Du fait de notre éloignement des affaires publiques, nous avons de l’argent une perception négative : il est synonyme d’exploitation, de profit à courte vue. Mais l’argent est aussi ce qu’on en fait : sans finance, pas de projets alternatifs.

Ce monde plus solidaire et écologique émergerait plus rapidement. Pexels/CC0/Zen Chung

Imaginez ne serait-ce que 10 milliards d’euros supplémentaires, sur les 6 000 que représente notre épargne collective, selon la Banque de France en 2022, mis au service de projets « vertueux » ? Il suffirait pour cela qu’un million de citoyens sensibles à l’écologie placent en moyenne 10 000 euros chacun. Ce monde plus solidaire et plus écologique que nous désirons n’émergerait-il pas plus rapidement ?

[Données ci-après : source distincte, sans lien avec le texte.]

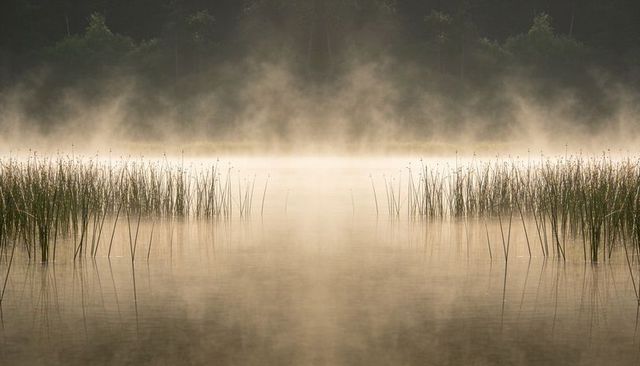 Mist rising over calm marsh reeds reflecting at dawn creating tranquil golden haze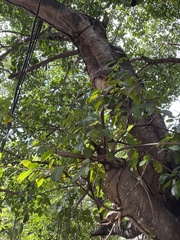 Ficus cotinifolia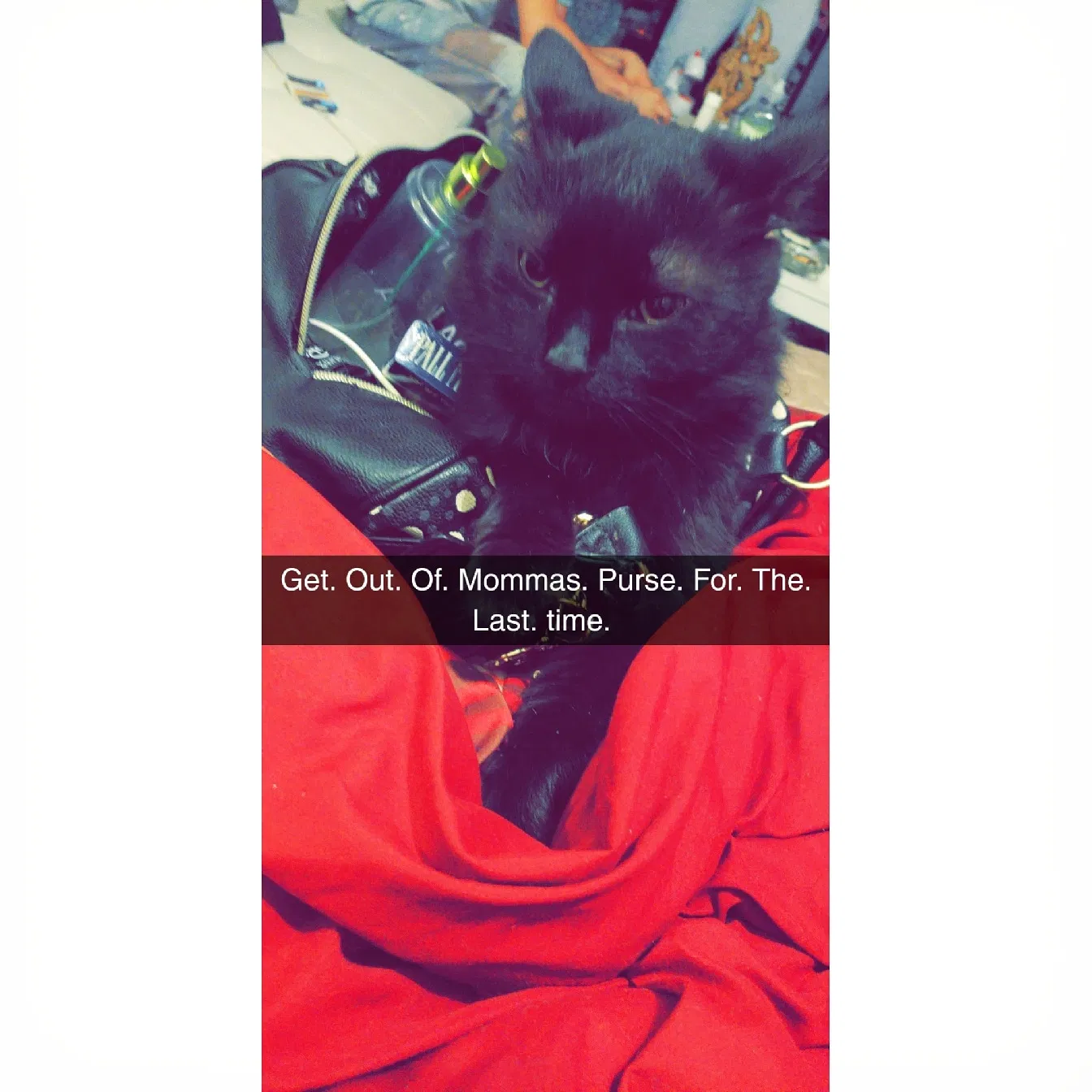 Lost cat in Union, KY, 41091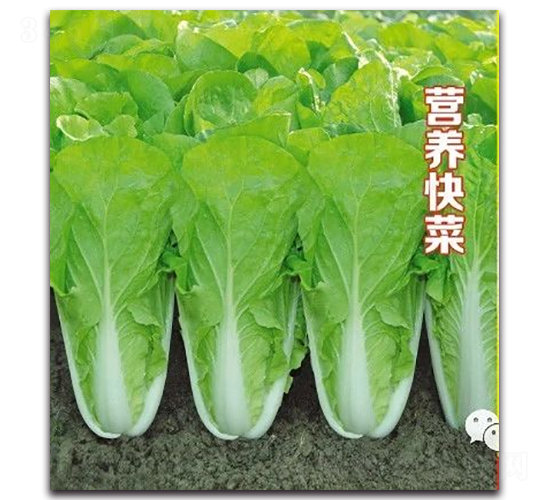 �I�B(y��ng)���-�ײ˷N��-��s�r(n��ng)�I(y��)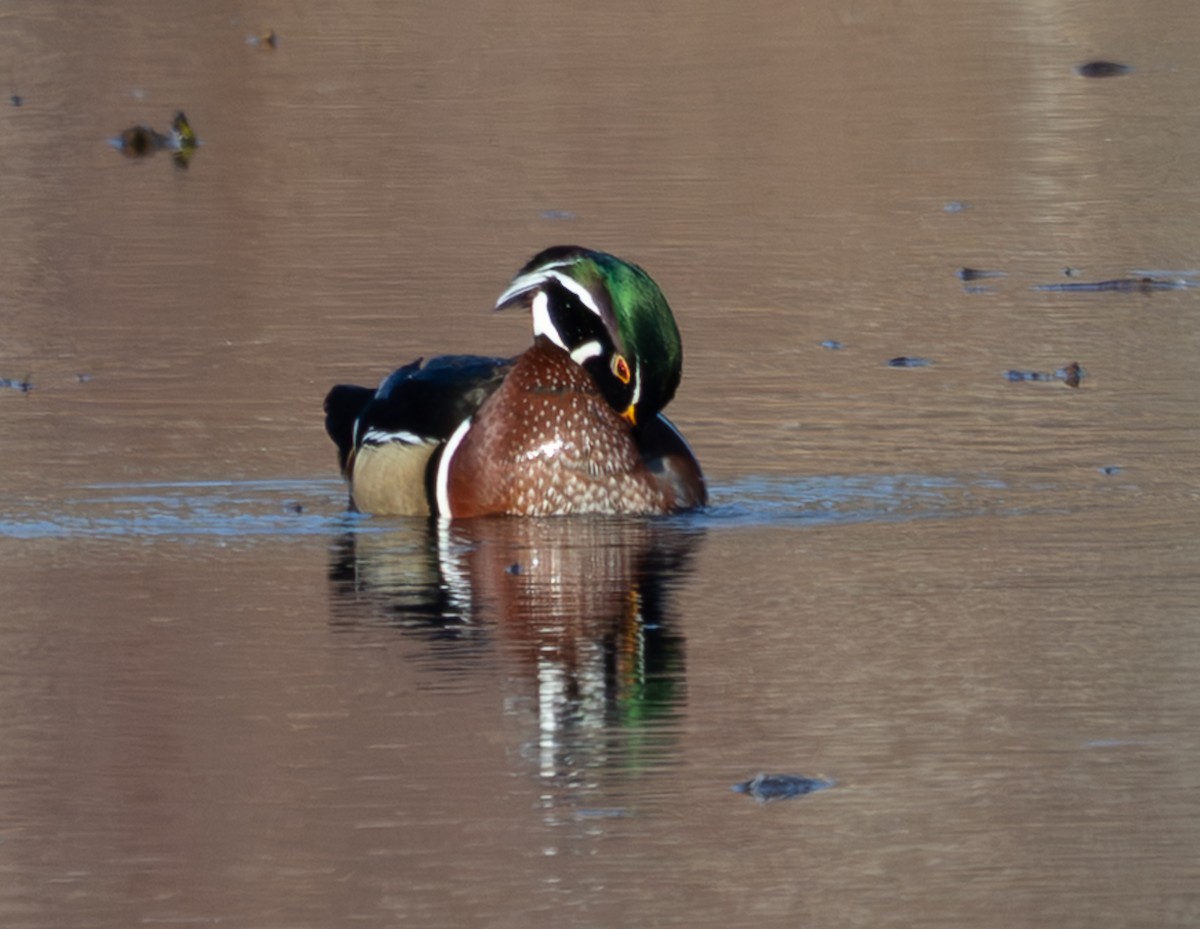 Ahate karolinarra - ML647732117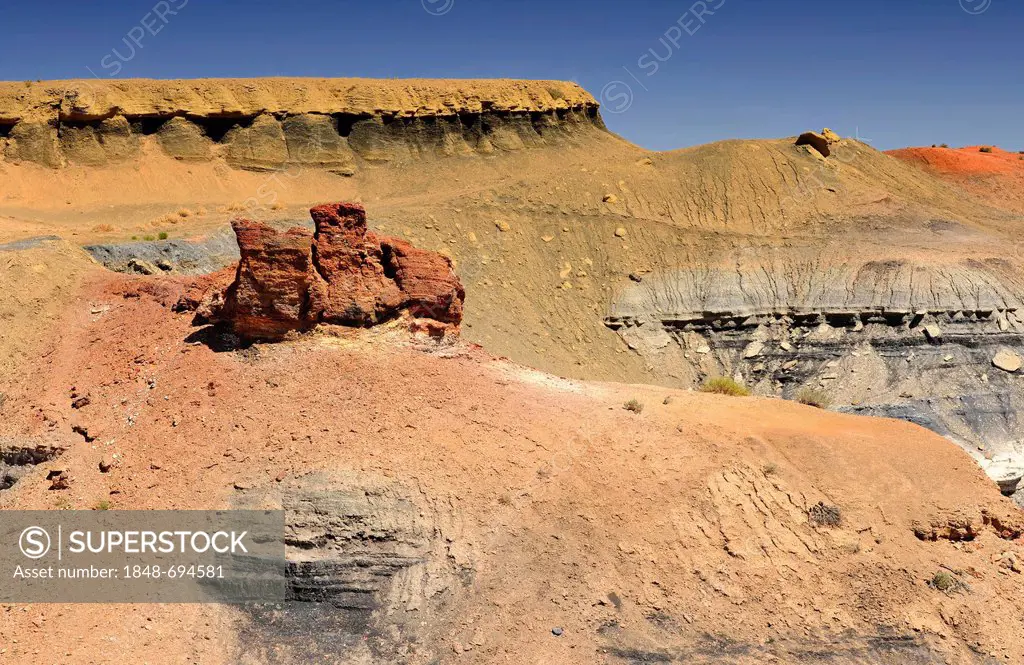 Eroded hoodoos and rock formations in the Coal Mine Canyon, coloured by minerals, Coal Mine Mesa, Painted Desert, Hopi Reservation, Navajo Nation Rese...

L’emprise destructrice du capitalisme

Des structures existent qui permettent d’investir son argent autrement pour favoriser cet autre monde. Tout citoyen peut le placer dans des organisations de finance dite solidaire, comme Terre de liens, qui facilite les installations agricoles, Énergie partagée, qui favorise les projets locaux d’énergies renouvelables, la Coopérative Oasis, le développement des écolieux, et bien d’autres.

Chacune a ses spécificités, mais toutes proposent des solutions d’épargne sécurisées en soutenant des projets, et non en utilisant les fonds pour leur propre développement. Ces structures rémunèrent parfois en direct, ou par une réduction d’impôts de 25 % (via l’agrément Entreprise solidaire d’utilité sociale, Esus).

Énergie partagée est déjà soutenue par plus de 7 000 investisseurs solidaires ; Terre de liens par plus de 15 000 ; en 2022, 200 clubs Cigales (Club d’investisseurs pour une gestion alternative et locale de l’épargne solidaire) ont collecté 600 000 euros, investis dans 150 projets permettant de créer ou consolider plus de 300 emplois. Mais malheureusement, beaucoup de projets ne peuvent pas voir le jour, par manque d’accès au financement — la Coopérative Oasis reçoit plus de dix demandes de financement par mois, mais ne peut s’engager favorablement que pour un ou deux.

La finance citoyenne est une des issues face à l’emprise destructrice du capitalisme. Elle nous permet, citoyens et citoyennes que nous sommes, de remodeler la société selon nos convictions. Utilisons-la.